Task to carry out: Every entry needs to be printed exactly, please.

Excerpted records:

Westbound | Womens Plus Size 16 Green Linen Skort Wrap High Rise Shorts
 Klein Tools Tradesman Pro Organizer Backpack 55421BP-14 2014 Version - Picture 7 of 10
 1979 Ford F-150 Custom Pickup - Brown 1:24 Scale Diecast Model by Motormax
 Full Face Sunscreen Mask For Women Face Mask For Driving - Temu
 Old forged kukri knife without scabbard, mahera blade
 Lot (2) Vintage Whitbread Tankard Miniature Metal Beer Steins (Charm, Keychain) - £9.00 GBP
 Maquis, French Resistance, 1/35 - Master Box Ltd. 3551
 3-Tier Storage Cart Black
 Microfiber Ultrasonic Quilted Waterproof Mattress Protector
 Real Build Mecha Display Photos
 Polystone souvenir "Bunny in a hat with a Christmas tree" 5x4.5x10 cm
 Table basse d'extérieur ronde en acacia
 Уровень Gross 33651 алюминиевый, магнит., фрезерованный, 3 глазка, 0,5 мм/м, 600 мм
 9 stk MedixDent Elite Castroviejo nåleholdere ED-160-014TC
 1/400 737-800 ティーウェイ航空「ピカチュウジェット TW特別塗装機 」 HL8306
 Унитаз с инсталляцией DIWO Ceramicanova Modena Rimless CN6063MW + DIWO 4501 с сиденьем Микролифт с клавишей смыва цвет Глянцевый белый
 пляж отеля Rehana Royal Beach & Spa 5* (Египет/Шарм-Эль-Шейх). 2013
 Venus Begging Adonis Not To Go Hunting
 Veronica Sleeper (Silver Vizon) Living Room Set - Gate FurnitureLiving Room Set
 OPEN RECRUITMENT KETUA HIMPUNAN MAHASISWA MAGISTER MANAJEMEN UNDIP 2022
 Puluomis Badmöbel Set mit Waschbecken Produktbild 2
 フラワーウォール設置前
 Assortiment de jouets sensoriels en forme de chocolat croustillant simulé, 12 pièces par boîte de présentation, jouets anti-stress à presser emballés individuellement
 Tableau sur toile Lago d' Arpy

Expected output:
Westbound | Womens Plus Size 16 Green Linen Skort Wrap High Rise Shorts
 Klein Tools Tradesman Pro Organizer Backpack 55421BP-14 2014 Version - Picture 7 of 10
 1979 Ford F-150 Custom Pickup - Brown 1:24 Scale Diecast Model by Motormax
 Full Face Sunscreen Mask For Women Face Mask For Driving - Temu
 Old forged kukri knife without scabbard, mahera blade
 Lot (2) Vintage Whitbread Tankard Miniature Metal Beer Steins (Charm, Keychain) - £9.00 GBP
 Maquis, French Resistance, 1/35 - Master Box Ltd. 3551
 3-Tier Storage Cart Black
 Microfiber Ultrasonic Quilted Waterproof Mattress Protector
 Real Build Mecha Display Photos
 Polystone souvenir "Bunny in a hat with a Christmas tree" 5x4.5x10 cm
 Table basse d'extérieur ronde en acacia
 Уровень Gross 33651 алюминиевый, магнит., фрезерованный, 3 глазка, 0,5 мм/м, 600 мм
 9 stk MedixDent Elite Castroviejo nåleholdere ED-160-014TC
 1/400 737-800 ティーウェイ航空「ピカチュウジェット TW特別塗装機 」 HL8306
 Унитаз с инсталляцией DIWO Ceramicanova Modena Rimless CN6063MW + DIWO 4501 с сиденьем Микролифт с клавишей смыва цвет Глянцевый белый
 пляж отеля Rehana Royal Beach & Spa 5* (Египет/Шарм-Эль-Шейх). 2013
 Venus Begging Adonis Not To Go Hunting
 Veronica Sleeper (Silver Vizon) Living Room Set - Gate FurnitureLiving Room Set
 OPEN RECRUITMENT KETUA HIMPUNAN MAHASISWA MAGISTER MANAJEMEN UNDIP 2022
 Puluomis Badmöbel Set mit Waschbecken Produktbild 2
 フラワーウォール設置前
 Assortiment de jouets sensoriels en forme de chocolat croustillant simulé, 12 pièces par boîte de présentation, jouets anti-stress à presser emballés individuellement
 Tableau sur toile Lago d' Arpy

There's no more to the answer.